• Work to be completed
Once the pictures are set aside, output all the records exactly.

**** Material for the task

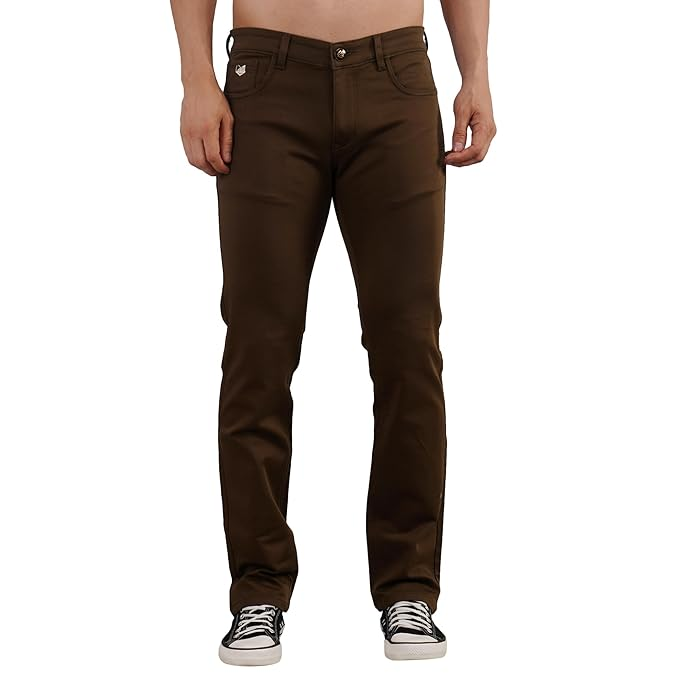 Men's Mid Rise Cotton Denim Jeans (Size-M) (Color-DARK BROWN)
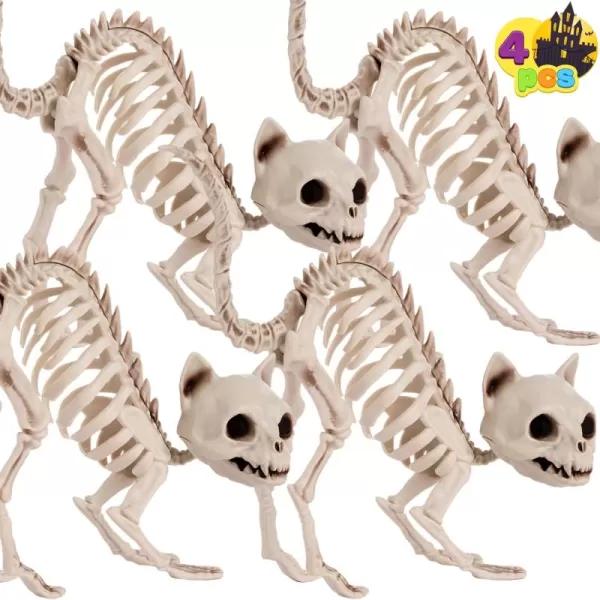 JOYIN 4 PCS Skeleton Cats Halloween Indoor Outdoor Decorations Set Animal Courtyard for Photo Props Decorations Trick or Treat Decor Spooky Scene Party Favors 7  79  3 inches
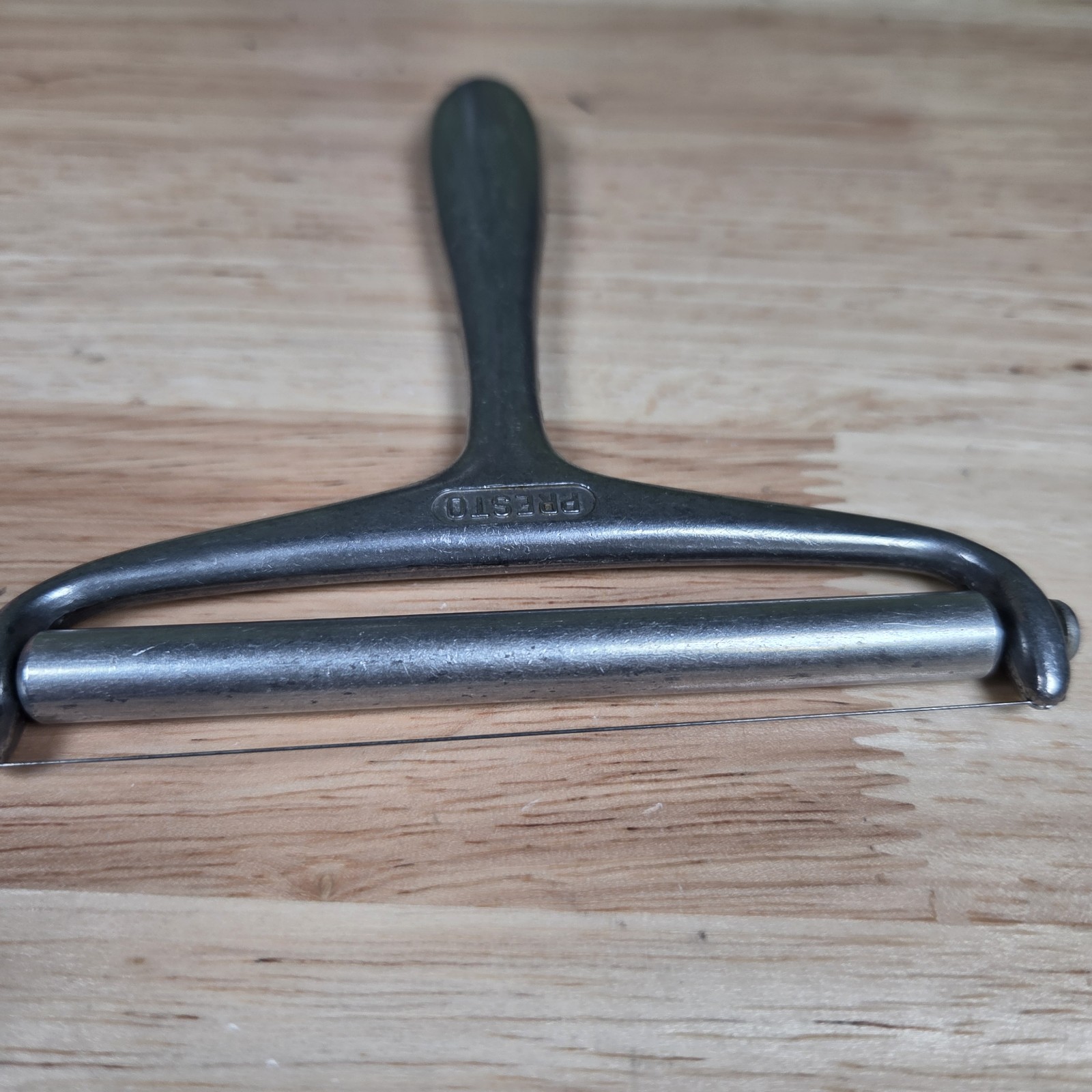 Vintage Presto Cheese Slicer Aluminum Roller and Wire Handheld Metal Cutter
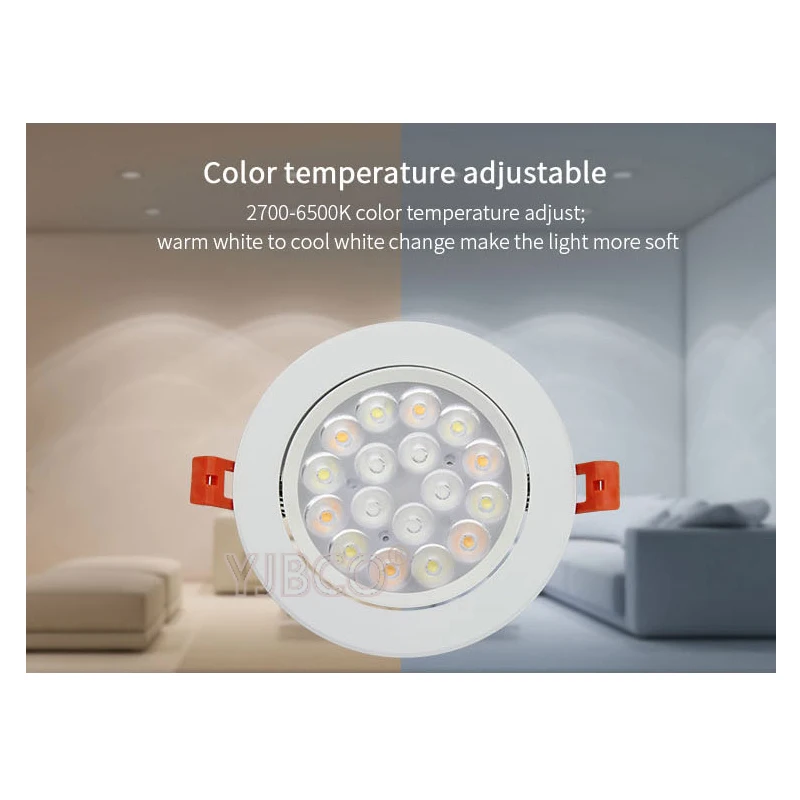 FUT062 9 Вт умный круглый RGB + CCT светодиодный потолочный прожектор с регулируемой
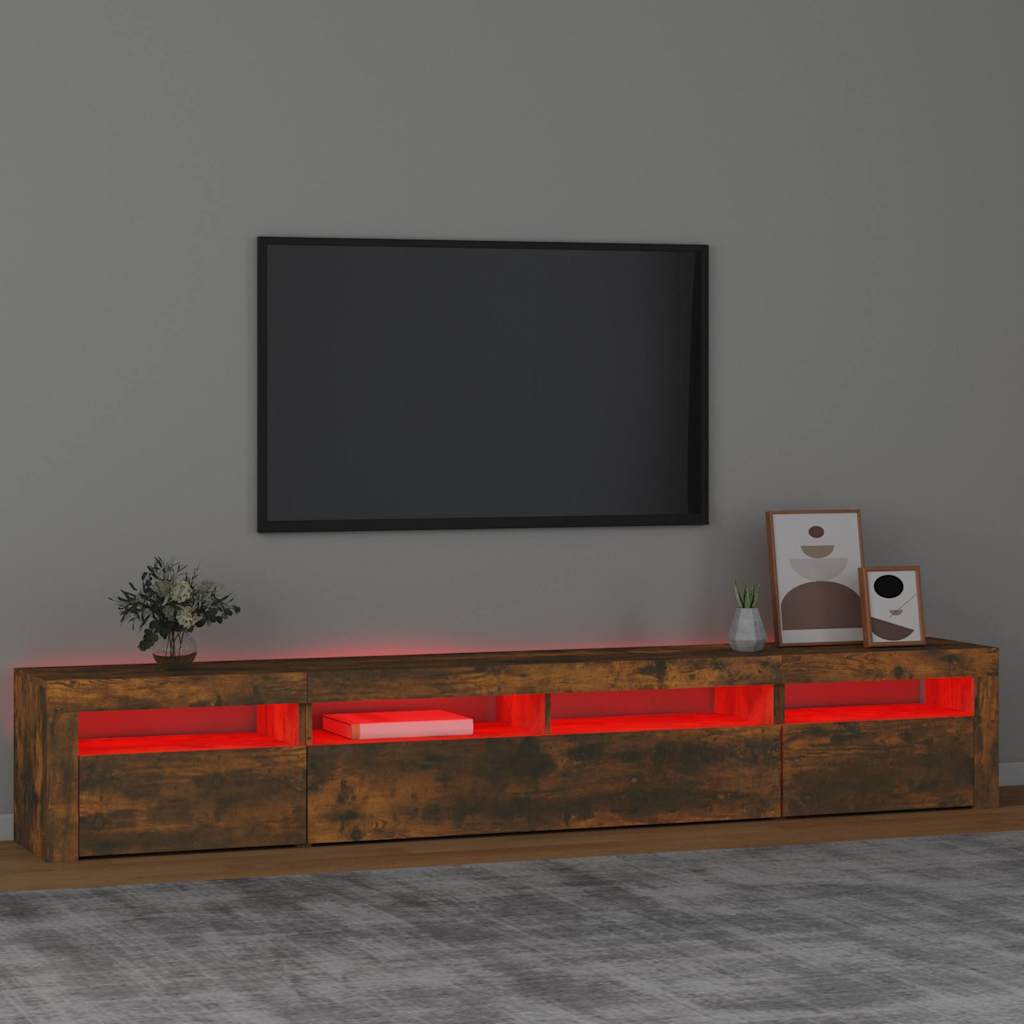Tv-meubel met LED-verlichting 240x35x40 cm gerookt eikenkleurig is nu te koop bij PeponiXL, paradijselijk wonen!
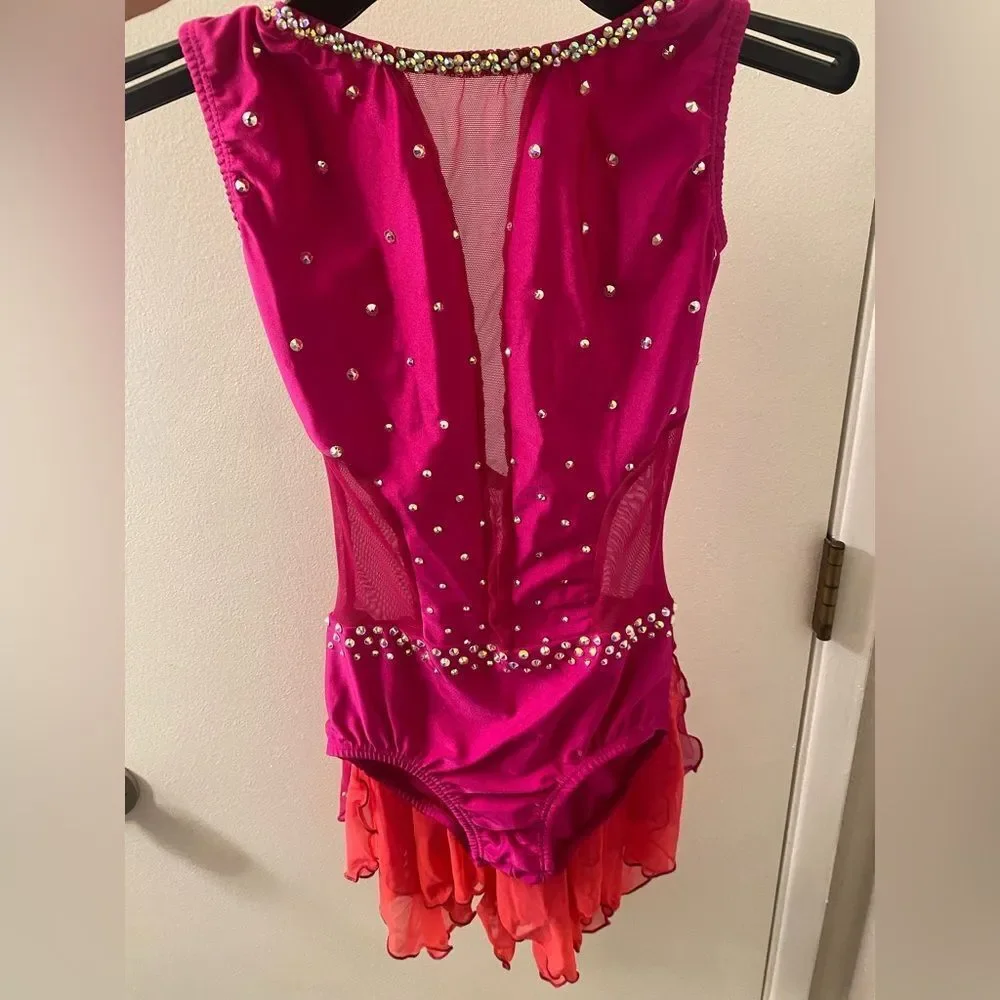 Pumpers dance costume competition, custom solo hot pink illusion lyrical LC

********

• Answer
 Men's Mid Rise Cotton Denim Jeans (Size-M) (Color-DARK BROWN)
 JOYIN 4 PCS Skeleton Cats Halloween Indoor Outdoor Decorations Set Animal Courtyard for Photo Props Decorations Trick or Treat Decor Spooky Scene Party Favors 7  79  3 inches
 Vintage Presto Cheese Slicer Aluminum Roller and Wire Handheld Metal Cutter
 FUT062 9 Вт умный круглый RGB + CCT светодиодный потолочный прожектор с регулируемой
Tv-meubel met LED-verlichting 240x35x40 cm gerookt eikenkleurig is nu te koop bij PeponiXL, paradijselijk wonen!
 Pumpers dance costume competition, custom solo hot pink illusion lyrical LC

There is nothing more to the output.